(Dataset entries)

• • • • •

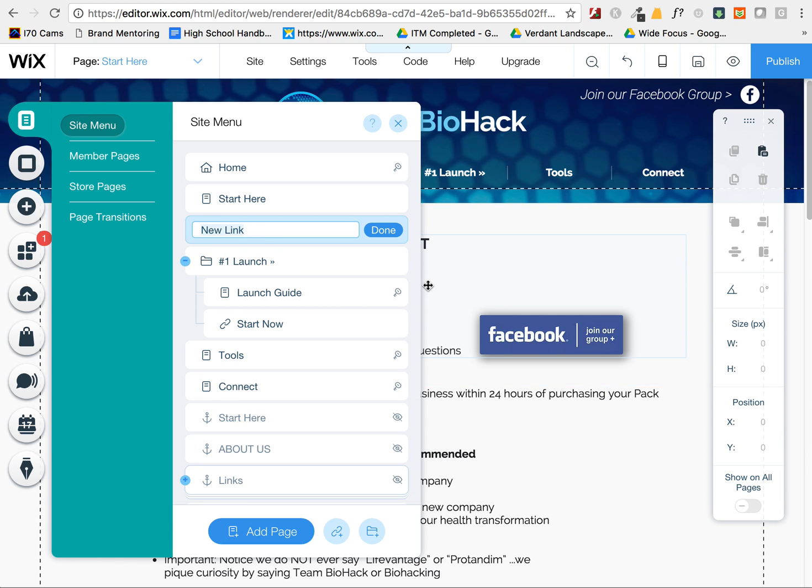This is a quick way to show you how to add another link into that menu so that you can have a page located more than once in the Wix menu.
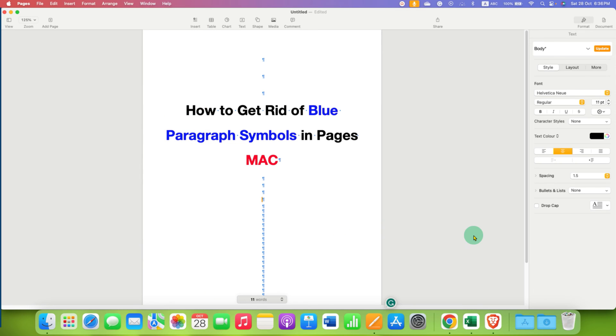In this way, you can get rid of blue paragraph symbols and see blue paragraph symbols as well.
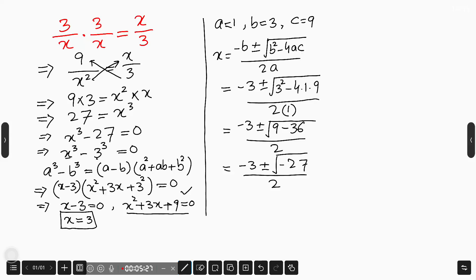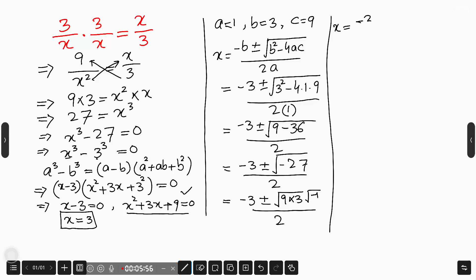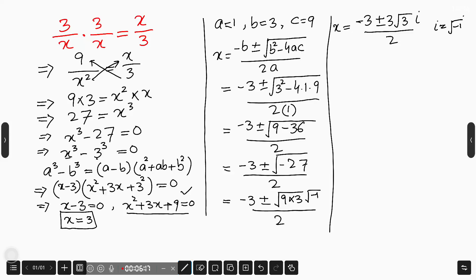Using the definition iota equals the square root of negative 1, the other two complex roots of the given equation are negative 3 over 2 plus or minus 3 times the square root of 3 times iota, divided by 2. These are the two complex roots, and the one real root is x equals 3. These are the three solutions of the given cubic equation. Thank you so much for watching this video — please subscribe to my channel for more exciting videos.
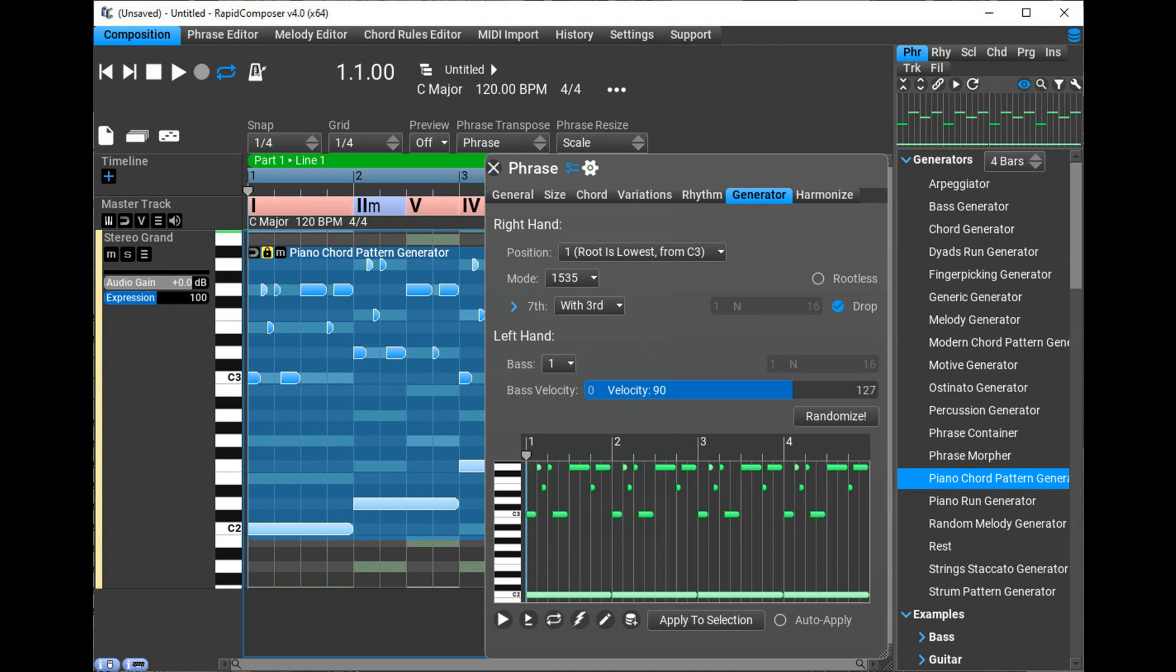Rapid Composer can be ordered with 40% discount until June 26, 2022, during the summer sale.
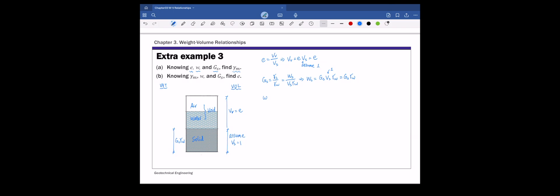The last given quantity is moisture content, which is weight of water over weight of solids. From this definition, we can calculate weight of water as moisture content times weight of solids. And weight of solids is Gs times gamma_w, so the weight of water is w times Gs times gamma_w. That gives us a complete phase diagram.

• • • • •

TRY IT -> All of the data must be set down exactly, with no pictures included.

REPLY TO THE EXERCISE ->
This is a quick way to show you how to add another link into that menu so that you can have a page located more than once in the Wix menu.
In this way, you can get rid of blue paragraph symbols and see blue paragraph symbols as well.
Using the definition iota equals the square root of negative 1, the other two complex roots of the given equation are negative 3 over 2 plus or minus 3 times the square root of 3 times iota, divided by 2. These are the two complex roots, and the one real root is x equals 3. These are the three solutions of the given cubic equation. Thank you so much for watching this video — please subscribe to my channel for more exciting videos.
Rapid Composer can be ordered with 40% discount until June 26, 2022, during the summer sale.
The last given quantity is moisture content, which is weight of water over weight of solids. From this definition, we can calculate weight of water as moisture content times weight of solids. And weight of solids is Gs times gamma_w, so the weight of water is w times Gs times gamma_w. That gives us a complete phase diagram.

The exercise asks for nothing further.